Since our inception, we have raised capital through private sales of common stock and debt securities. Our future success is dependent upon our ability to achieve profitable operations and generate cash from operating activities, including our receipt of deposits from customers under our sales contracts.
Management has determined that we will likely need to raise debt and/or equity financing during the first half of 2018 in order to continue our operations and achieve our growth targets. However, there can be no assurance that we will be able to raise such financing in sufficient amounts or on acceptable terms, or at all.
If, as we move into the first half of 2018, we determine that our revenue and operating results are not satisfactory, we intend to explore various operating cost reductions. Even if we were able to reduce operating costs, we would still likely need to seek additional debt and/or equity financing. The precise amount and timing of the funding needs will depend on a number of factors, including the market demand for our products and services, the timing of our receipt of deposits from our customers under our sales contracts, our management of working capital, and the continuation of normal payment terms and conditions for purchase of goods and services.
About Surna, Inc.
Surna Inc. (www.surna.com) develops innovative technologies and products that monitor, control and or address the energy and resource intensive nature of indoor cannabis cultivation. Currently, our revenue stream is derived primarily from supplying industrial technology and products to commercial indoor cannabis grow facilities.

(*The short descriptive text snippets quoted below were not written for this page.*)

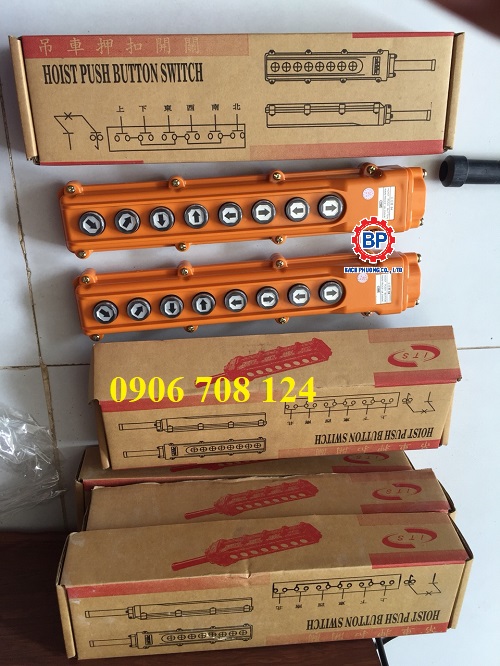 Tay bấm điều khiển cầu trục COB 64 Tay bấm điều khiển cầu trục COB 64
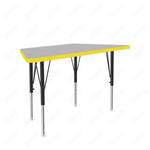 Correll Trapezoid Commercial Laminate Top Activity Tables 24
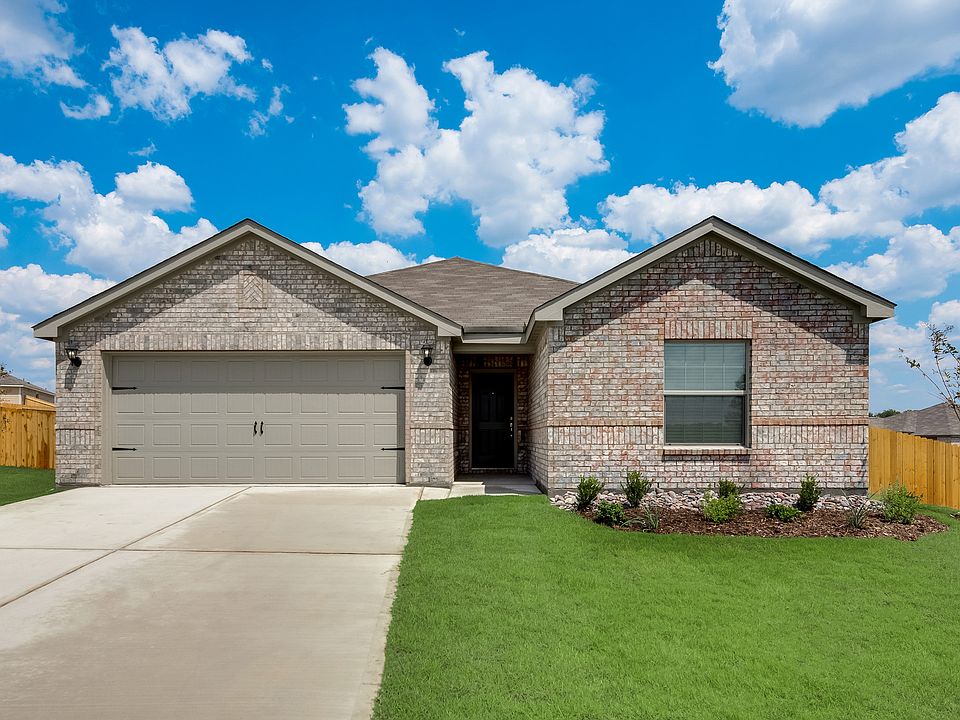 The Sabine is ready for quick move-in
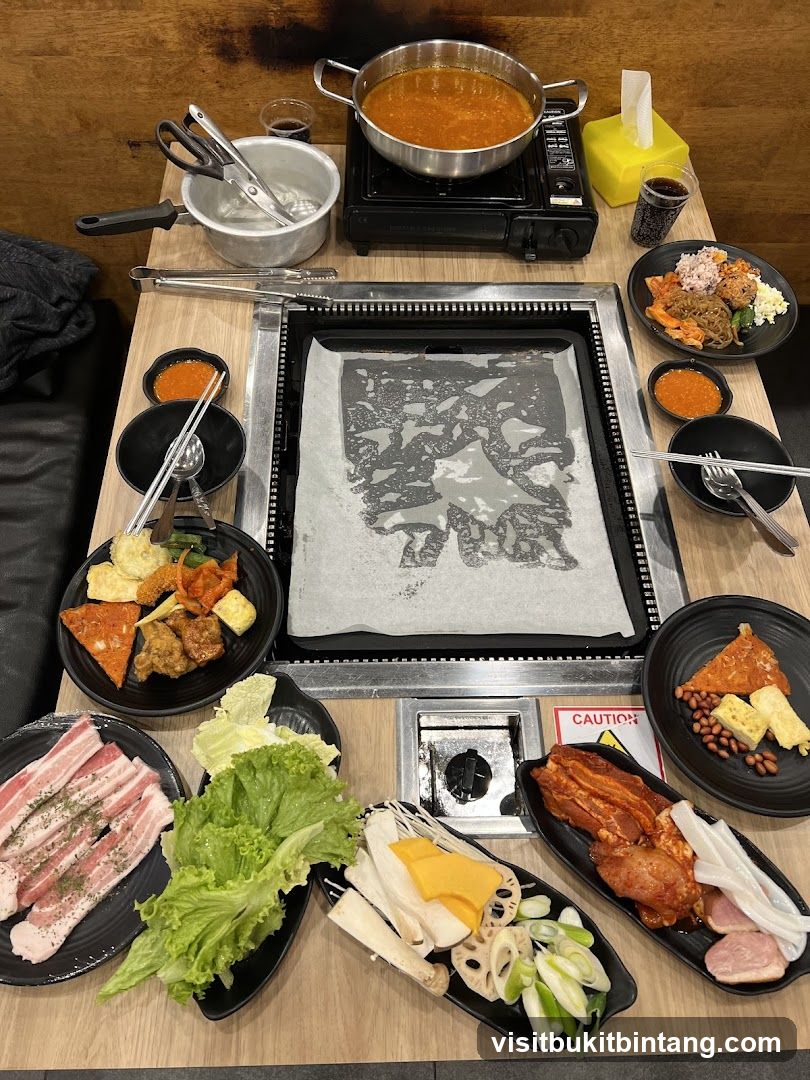 Korean BBQ Meal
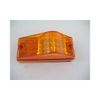 Amber 18 LED Trailer Bus Mid Turn Signal Marker Light / Wire Plug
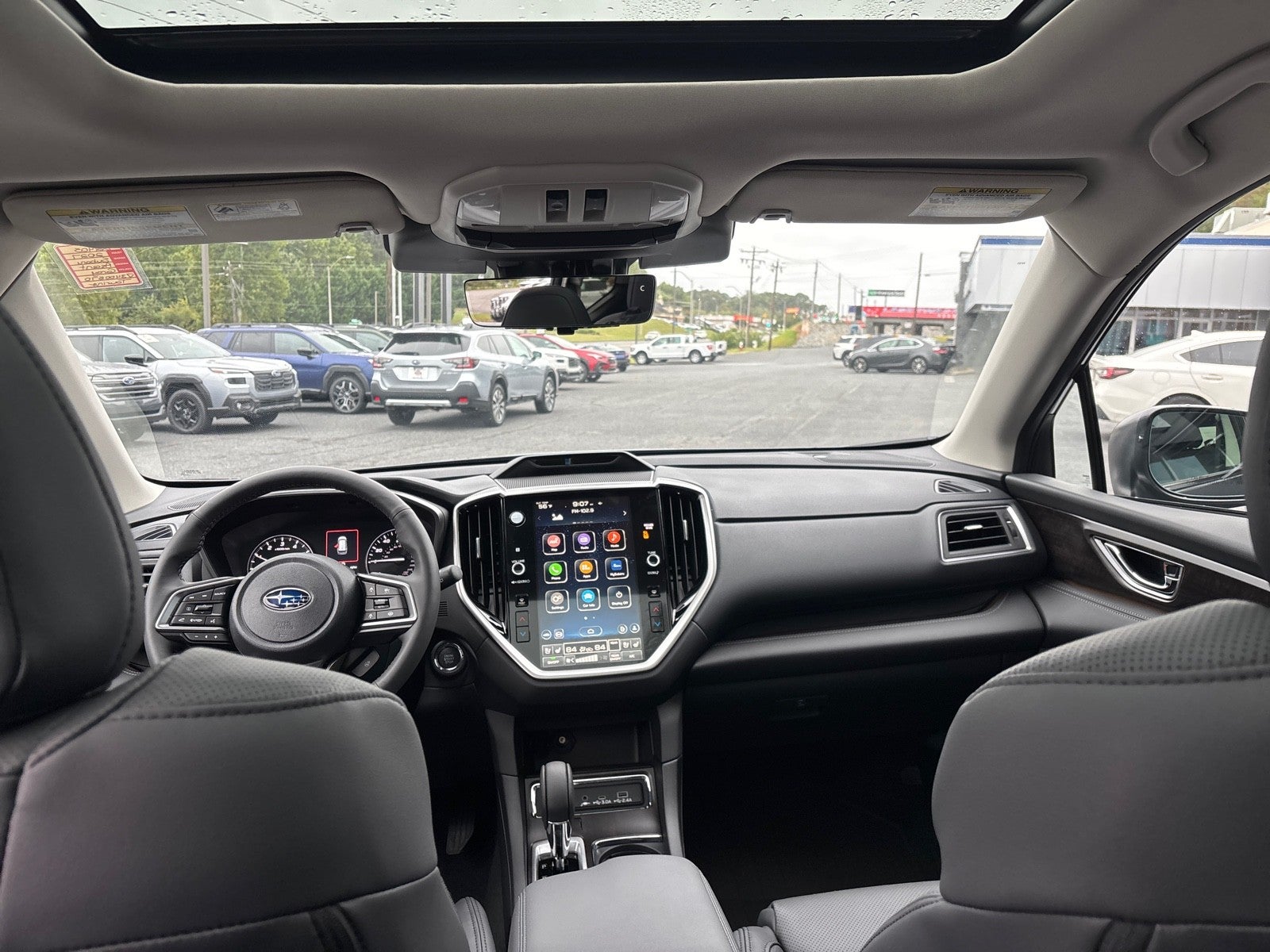 2027 Subaru ASCENT Touring 7-Passenger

Headquartered in Boulder, Colorado, our engineering team strives to create novel energy and resource efficient solutions, including our signature water-cooled climate control platform to create technological solutions and products that solve the highly specific demands of the cannabis industry for temperature, humidity, light and process control. Our goal is to provide intelligent solutions to improve the quality, the control and the overall yield and efficiency of controlled environment agriculture. Though our customers do, we neither produce nor sell cannabis.
Statement about Cannabis Markets
The use, possession, cultivation, and distribution of cannabis is prohibited by federal law. This includes medical and recreational cannabis. Although certain states have legalized medical and recreational cannabis, companies and individuals involved in the sector are still at risk of being prosecuted by federal authorities. Further, the landscape in the cannabis industry changes rapidly. What was the law last week is not the law today and what is the law today may not be the law next week. This means that at any time the city, county, or state where cannabis is permitted can change the current laws and/or the federal government can supersede those laws and take prosecutorial action. Given the uncertain legal nature of the cannabis industry, it is imperative that investors understand that the cannabis industry is a high-risk investment. A change in the current laws or enforcement policy can negatively affect the status and operation of our business, require additional fees, stricter operational guidelines and unanticipated shut-downs.